UPDATE: On October 3, 2012, the Law School hosted a celebration honoring the publication of An Introduction to Property Theory. Featured speakers included Larissa Katz, associate professor at Queen’s University; Shyam Balganesh, assistant professor of law at the University of Pennsylvania; and, Laura Underkuffler, Associate Dean for Academic Affairs and J. DuPratt White Professor of Law at Cornell Law School. Here is a video provided by the Cornell Law Library of the event.

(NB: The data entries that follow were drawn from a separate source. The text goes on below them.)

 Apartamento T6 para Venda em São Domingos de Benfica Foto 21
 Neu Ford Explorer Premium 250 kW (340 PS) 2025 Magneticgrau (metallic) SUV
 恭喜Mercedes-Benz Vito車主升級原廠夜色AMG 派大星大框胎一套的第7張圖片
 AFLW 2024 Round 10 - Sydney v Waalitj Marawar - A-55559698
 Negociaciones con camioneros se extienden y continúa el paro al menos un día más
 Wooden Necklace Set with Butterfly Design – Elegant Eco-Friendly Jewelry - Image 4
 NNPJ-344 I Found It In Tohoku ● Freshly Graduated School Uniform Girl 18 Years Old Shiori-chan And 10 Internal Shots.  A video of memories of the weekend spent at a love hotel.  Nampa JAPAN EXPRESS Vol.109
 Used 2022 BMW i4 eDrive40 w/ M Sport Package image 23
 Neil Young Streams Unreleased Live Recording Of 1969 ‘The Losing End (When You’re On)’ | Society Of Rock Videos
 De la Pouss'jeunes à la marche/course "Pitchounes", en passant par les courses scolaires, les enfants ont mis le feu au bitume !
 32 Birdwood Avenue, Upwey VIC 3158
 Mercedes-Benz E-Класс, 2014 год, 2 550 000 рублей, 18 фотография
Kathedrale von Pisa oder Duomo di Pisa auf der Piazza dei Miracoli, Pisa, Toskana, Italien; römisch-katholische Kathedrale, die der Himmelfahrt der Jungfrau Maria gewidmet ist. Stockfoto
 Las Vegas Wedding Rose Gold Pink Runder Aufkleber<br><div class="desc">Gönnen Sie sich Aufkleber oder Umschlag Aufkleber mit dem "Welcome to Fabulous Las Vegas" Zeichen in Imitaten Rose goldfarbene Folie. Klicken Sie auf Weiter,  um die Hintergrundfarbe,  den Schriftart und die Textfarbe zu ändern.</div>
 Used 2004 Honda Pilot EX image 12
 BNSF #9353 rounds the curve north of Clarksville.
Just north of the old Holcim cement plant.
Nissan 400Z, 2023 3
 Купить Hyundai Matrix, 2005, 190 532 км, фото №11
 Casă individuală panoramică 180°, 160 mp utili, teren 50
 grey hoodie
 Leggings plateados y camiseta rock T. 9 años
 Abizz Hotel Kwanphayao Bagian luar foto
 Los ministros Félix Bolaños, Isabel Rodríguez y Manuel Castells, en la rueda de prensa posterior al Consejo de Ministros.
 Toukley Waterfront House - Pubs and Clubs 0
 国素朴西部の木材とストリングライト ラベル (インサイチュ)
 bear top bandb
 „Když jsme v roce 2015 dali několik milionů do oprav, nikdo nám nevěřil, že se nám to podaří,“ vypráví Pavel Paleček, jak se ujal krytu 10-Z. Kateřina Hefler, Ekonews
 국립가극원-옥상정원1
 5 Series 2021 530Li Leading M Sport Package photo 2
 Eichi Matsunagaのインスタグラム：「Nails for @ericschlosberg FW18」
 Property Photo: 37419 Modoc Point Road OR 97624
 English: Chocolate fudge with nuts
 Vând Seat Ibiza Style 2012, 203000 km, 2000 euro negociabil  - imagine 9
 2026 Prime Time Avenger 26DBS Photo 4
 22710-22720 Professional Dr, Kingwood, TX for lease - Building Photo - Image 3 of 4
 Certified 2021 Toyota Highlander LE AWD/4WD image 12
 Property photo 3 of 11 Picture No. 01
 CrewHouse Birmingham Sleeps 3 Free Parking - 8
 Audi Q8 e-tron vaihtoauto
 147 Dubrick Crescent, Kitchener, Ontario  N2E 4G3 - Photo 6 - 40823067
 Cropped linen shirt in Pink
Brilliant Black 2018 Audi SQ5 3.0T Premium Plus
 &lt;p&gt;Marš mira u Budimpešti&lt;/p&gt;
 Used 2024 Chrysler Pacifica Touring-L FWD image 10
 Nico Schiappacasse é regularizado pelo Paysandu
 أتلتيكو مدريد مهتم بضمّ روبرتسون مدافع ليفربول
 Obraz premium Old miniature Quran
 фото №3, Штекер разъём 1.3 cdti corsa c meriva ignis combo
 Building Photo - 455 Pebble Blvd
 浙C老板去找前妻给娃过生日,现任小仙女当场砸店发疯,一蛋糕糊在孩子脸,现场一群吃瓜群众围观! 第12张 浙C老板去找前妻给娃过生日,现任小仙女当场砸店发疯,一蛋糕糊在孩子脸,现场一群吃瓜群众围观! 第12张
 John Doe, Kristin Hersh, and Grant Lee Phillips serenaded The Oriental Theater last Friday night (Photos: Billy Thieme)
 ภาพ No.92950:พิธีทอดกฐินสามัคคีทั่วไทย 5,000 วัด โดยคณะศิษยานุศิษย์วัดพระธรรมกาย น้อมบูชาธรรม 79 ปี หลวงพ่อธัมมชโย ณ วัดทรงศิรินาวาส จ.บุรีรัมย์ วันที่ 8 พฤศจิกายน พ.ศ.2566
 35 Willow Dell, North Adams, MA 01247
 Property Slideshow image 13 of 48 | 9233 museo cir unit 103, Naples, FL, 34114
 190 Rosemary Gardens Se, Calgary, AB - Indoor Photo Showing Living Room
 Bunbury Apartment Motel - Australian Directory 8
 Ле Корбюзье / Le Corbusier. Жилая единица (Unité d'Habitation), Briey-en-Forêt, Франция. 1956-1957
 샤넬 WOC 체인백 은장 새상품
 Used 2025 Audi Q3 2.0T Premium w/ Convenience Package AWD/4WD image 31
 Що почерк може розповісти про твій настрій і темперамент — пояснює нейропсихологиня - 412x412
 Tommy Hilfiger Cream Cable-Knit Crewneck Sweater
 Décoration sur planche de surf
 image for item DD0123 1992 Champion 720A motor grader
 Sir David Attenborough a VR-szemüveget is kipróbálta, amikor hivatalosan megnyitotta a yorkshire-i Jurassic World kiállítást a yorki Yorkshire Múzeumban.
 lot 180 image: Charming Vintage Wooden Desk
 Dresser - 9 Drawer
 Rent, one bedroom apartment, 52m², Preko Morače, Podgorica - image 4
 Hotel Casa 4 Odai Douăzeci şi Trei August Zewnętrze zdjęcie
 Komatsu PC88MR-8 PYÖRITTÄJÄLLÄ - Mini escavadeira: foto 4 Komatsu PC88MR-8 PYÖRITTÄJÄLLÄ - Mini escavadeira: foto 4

“We are hopeful that the book will provide a useful introduction to the many debates over the nature and philosophical foundations of property,” says Peñalver, Professor of Law. “At the same time, we wanted to provide an overview of recent property scholarship, identifying the most active debates as well as the areas of consensus.” Adds Alexander, A. Robert Noll Professor of Law, “The book’s secondary purpose is to provide a brief account of our own theory of property, which is based on the value of human flourishing.”
Through the lenses of such issues as redistribution, the right to exclude, regulatory takings, eminent domain, and intellectual property, An Introduction surveys the Lockean, libertarian, utilitarian/law-and-economics, personhood, Kantian, and human flourishing frameworks of property law theory. In particular it highlights the Aristotelian human flourishing theory, providing the most comprehensive introduction to date.
Though the authors have aimed to make property theory accessible to beginners, says Peñalver, the book will also be interesting “to specialists immersed in the debates we are describing and engaging.”